● **Available data**
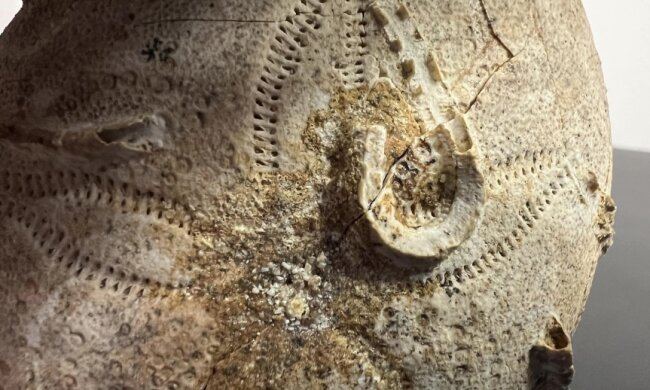 Столичні митники знайшли в посилці панцир морського їжака — цікаво те, що його вік приблизно 161-165 млн років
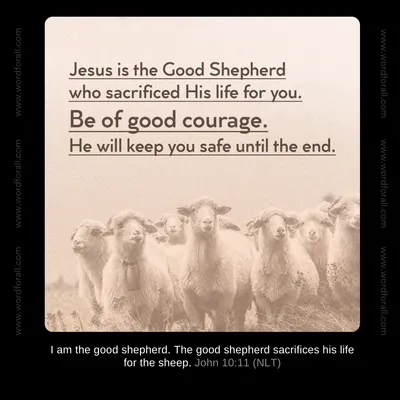 Jesus is the Good Shepherd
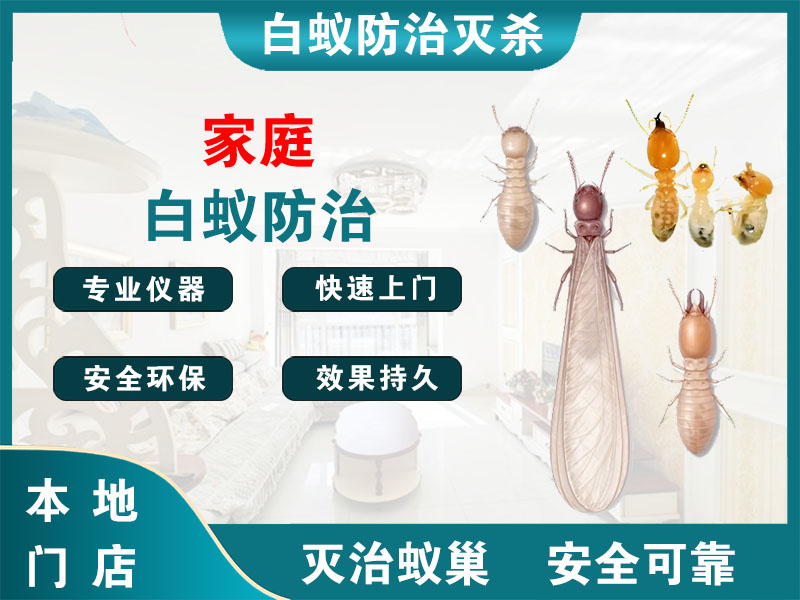诸暨市家庭白蚁防治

● **Exercise prompt**
Once the pictures have been removed, reproduce each line of the material above exactly.

● **Result for this task**
 Столичні митники знайшли в посилці панцир морського їжака — цікаво те, що його вік приблизно 161-165 млн років
 Jesus is the Good Shepherd
诸暨市家庭白蚁防治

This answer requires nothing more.